One-bit radar, performing signal sampling and quantization by a one-bit ADC, is a promising technology for many civilian applications due to its low-cost and low-power consumptions. In this paper, problems encountered by one-bit LFMCW radar are studied and a two-stage target detection method termed as the dimension-reduced generalized approximate message passing (DR-GAMP) approach is proposed. Firstly, the spectrum of one-bit quantized signals in a scenario with multiple targets is analyzed. It is indicated that high-order harmonics may result in false alarms (FAs) and cannot be neglected. Secondly, based on the spectrum analysis, the DR-GAMP approach is proposed to carry out target detection.
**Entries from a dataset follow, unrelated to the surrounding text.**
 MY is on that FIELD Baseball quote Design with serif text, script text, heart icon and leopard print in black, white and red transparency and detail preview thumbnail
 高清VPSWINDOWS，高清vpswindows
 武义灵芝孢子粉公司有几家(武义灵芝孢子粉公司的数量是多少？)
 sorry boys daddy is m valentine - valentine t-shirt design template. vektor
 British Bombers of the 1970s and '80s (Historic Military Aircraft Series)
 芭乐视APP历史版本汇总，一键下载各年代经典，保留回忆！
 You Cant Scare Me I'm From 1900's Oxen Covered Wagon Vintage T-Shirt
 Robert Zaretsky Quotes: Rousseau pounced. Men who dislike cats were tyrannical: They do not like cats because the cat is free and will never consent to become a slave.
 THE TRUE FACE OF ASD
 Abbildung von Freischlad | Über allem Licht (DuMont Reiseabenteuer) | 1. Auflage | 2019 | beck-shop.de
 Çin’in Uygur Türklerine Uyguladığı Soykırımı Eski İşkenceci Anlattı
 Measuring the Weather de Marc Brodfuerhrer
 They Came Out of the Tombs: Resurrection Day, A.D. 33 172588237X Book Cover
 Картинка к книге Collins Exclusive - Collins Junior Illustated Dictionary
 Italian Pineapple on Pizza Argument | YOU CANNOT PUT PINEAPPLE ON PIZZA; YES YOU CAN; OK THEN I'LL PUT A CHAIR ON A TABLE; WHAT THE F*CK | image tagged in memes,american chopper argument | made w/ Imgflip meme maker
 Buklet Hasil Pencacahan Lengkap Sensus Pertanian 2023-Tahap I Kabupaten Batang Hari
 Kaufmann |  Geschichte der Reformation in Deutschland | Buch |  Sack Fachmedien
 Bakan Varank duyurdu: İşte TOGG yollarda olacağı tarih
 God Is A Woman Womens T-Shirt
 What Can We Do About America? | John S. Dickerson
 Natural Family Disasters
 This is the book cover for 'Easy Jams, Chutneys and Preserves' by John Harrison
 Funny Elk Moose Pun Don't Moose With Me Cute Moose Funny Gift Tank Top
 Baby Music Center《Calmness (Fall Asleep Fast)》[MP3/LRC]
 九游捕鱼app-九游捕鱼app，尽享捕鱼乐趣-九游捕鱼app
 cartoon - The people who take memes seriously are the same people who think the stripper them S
Specifically, linear preprocessing methods and target predetection are firstly adopted to perform the dimension reduction, and then, the GAMP algorithm is utilized to suppress high-order harmonics and recover true targets. Finally, numerical simulations are conducted to evaluate the performance of one-bit LFMCW radar under typical parameters. It is shown that compared to the conventional radar applying linear processing methods, one-bit LFMCW radar has about $1.3$ dB performance gain when the input signal-to-noise ratios (SNRs) of targets are low. In the presence of a strong target, it has about $1.0$ dB performance loss.